→ Problem requirements: In the material below, find the line containing "Glasbilder 100x50 Wandkunst" and the line containing "Taffeta White - Pilot EX-L 4WD Photo No. 4", then reproduce exactly both of them and every line between, and nothing else.

→ Available records:
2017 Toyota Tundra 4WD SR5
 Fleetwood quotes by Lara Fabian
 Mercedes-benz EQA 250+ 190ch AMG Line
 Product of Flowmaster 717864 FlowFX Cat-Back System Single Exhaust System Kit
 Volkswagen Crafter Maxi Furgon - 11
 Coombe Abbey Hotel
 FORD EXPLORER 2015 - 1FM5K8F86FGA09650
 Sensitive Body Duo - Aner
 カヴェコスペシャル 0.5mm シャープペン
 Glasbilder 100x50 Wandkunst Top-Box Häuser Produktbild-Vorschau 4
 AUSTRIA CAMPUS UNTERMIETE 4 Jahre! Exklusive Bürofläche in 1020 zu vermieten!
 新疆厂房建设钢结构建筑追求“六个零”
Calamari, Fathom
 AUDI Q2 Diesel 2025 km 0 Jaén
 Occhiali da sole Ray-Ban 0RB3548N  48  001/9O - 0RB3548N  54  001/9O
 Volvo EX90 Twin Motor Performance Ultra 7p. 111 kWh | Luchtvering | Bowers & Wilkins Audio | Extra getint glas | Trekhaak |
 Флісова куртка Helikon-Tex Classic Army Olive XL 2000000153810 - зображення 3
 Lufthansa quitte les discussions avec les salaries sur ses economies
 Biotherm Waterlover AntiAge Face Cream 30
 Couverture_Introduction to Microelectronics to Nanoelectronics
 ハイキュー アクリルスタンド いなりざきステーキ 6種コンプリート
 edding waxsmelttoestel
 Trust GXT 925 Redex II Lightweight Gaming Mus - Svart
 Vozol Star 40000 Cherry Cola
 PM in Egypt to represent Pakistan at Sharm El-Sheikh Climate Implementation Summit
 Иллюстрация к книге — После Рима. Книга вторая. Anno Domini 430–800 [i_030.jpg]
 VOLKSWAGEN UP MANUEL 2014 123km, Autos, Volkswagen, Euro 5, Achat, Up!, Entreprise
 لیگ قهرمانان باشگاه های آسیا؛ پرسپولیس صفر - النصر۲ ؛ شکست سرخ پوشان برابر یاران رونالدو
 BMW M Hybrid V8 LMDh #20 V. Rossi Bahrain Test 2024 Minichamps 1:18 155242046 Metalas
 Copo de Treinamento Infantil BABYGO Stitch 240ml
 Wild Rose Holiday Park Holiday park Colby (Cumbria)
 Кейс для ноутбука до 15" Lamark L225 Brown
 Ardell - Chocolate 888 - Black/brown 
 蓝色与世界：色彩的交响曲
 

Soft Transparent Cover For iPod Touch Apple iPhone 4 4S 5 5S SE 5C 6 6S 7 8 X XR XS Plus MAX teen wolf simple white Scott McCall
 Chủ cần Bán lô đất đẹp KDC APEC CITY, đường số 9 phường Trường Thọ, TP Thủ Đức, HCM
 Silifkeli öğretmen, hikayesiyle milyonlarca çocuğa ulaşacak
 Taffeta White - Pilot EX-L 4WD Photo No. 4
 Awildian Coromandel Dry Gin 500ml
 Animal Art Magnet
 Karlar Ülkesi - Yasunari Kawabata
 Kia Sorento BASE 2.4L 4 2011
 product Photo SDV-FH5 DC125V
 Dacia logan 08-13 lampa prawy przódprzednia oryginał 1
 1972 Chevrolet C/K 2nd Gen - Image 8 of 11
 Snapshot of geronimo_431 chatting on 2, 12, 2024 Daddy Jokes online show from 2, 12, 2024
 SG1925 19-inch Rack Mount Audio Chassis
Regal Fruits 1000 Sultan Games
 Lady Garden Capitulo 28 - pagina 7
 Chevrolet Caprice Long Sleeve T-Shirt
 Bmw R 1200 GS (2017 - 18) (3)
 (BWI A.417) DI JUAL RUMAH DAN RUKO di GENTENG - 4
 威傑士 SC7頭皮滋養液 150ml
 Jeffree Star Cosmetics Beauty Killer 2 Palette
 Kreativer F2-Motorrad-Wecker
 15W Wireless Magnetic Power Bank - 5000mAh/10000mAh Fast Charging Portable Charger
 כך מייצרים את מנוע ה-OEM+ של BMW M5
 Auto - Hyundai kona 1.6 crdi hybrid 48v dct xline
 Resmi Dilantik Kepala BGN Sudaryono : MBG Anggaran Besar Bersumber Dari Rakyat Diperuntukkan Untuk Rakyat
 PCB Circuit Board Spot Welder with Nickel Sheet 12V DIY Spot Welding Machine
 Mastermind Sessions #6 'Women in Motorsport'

→ Exercise result:
 Glasbilder 100x50 Wandkunst Top-Box Häuser Produktbild-Vorschau 4
 AUSTRIA CAMPUS UNTERMIETE 4 Jahre! Exklusive Bürofläche in 1020 zu vermieten!
 新疆厂房建设钢结构建筑追求“六个零”
Calamari, Fathom
 AUDI Q2 Diesel 2025 km 0 Jaén
 Occhiali da sole Ray-Ban 0RB3548N  48  001/9O - 0RB3548N  54  001/9O
 Volvo EX90 Twin Motor Performance Ultra 7p. 111 kWh | Luchtvering | Bowers & Wilkins Audio | Extra getint glas | Trekhaak |
 Флісова куртка Helikon-Tex Classic Army Olive XL 2000000153810 - зображення 3
 Lufthansa quitte les discussions avec les salaries sur ses economies
 Biotherm Waterlover AntiAge Face Cream 30
 Couverture_Introduction to Microelectronics to Nanoelectronics
 ハイキュー アクリルスタンド いなりざきステーキ 6種コンプリート
 edding waxsmelttoestel
 Trust GXT 925 Redex II Lightweight Gaming Mus - Svart
 Vozol Star 40000 Cherry Cola
 PM in Egypt to represent Pakistan at Sharm El-Sheikh Climate Implementation Summit
 Иллюстрация к книге — После Рима. Книга вторая. Anno Domini 430–800 [i_030.jpg]
 VOLKSWAGEN UP MANUEL 2014 123km, Autos, Volkswagen, Euro 5, Achat, Up!, Entreprise
 لیگ قهرمانان باشگاه های آسیا؛ پرسپولیس صفر - النصر۲ ؛ شکست سرخ پوشان برابر یاران رونالدو
 BMW M Hybrid V8 LMDh #20 V. Rossi Bahrain Test 2024 Minichamps 1:18 155242046 Metalas
 Copo de Treinamento Infantil BABYGO Stitch 240ml
 Wild Rose Holiday Park Holiday park Colby (Cumbria)
 Кейс для ноутбука до 15" Lamark L225 Brown
 Ardell - Chocolate 888 - Black/brown 
 蓝色与世界：色彩的交响曲
 

Soft Transparent Cover For iPod Touch Apple iPhone 4 4S 5 5S SE 5C 6 6S 7 8 X XR XS Plus MAX teen wolf simple white Scott McCall
 Chủ cần Bán lô đất đẹp KDC APEC CITY, đường số 9 phường Trường Thọ, TP Thủ Đức, HCM
 Silifkeli öğretmen, hikayesiyle milyonlarca çocuğa ulaşacak
 Taffeta White - Pilot EX-L 4WD Photo No. 4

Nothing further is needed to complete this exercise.